■ **Supplied material**:
▬▬▬▬▬▬
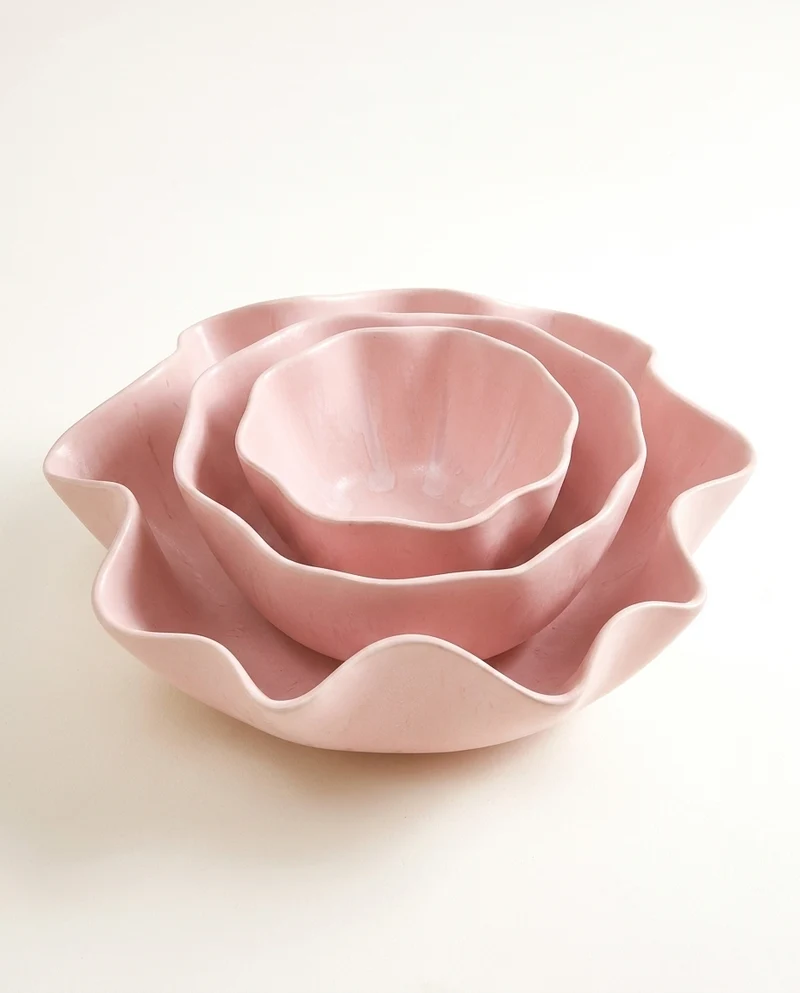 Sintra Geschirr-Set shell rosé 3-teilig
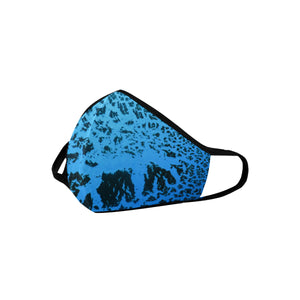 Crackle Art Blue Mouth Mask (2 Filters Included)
▬▬▬▬▬▬
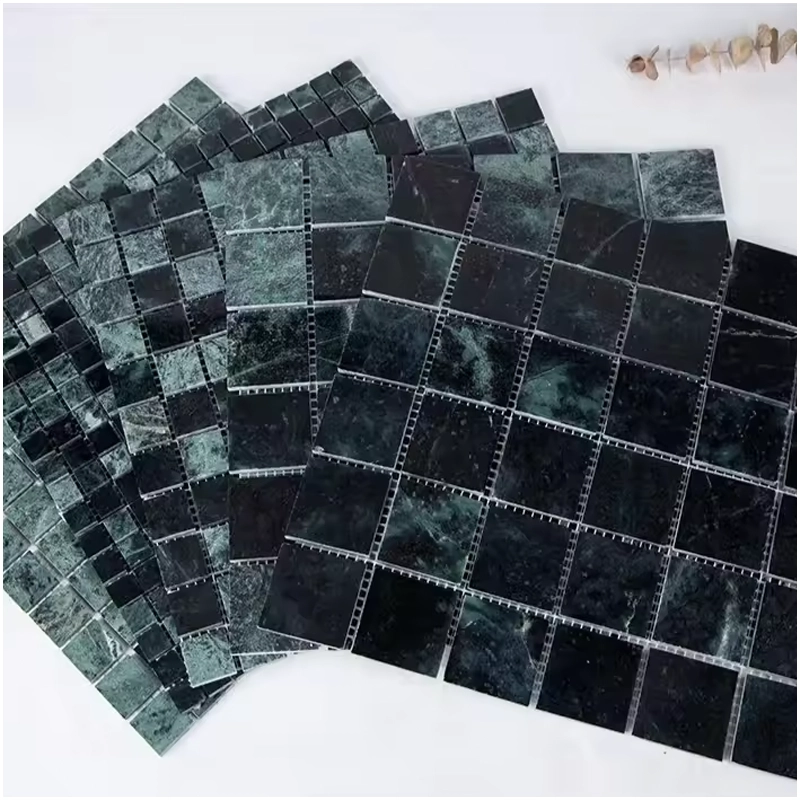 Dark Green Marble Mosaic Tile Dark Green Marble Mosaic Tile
▬▬▬▬▬▬
■ **Task prompt**:
I would like the exact lines from the data above, starting with the one that holds "Sintra Geschirr-Set shell rosé 3-teilig" and going on through the one that holds "Crackle Art Blue", without the pictures.

■ **Written solution**:
 Sintra Geschirr-Set shell rosé 3-teilig
 Crackle Art Blue Mouth Mask (2 Filters Included)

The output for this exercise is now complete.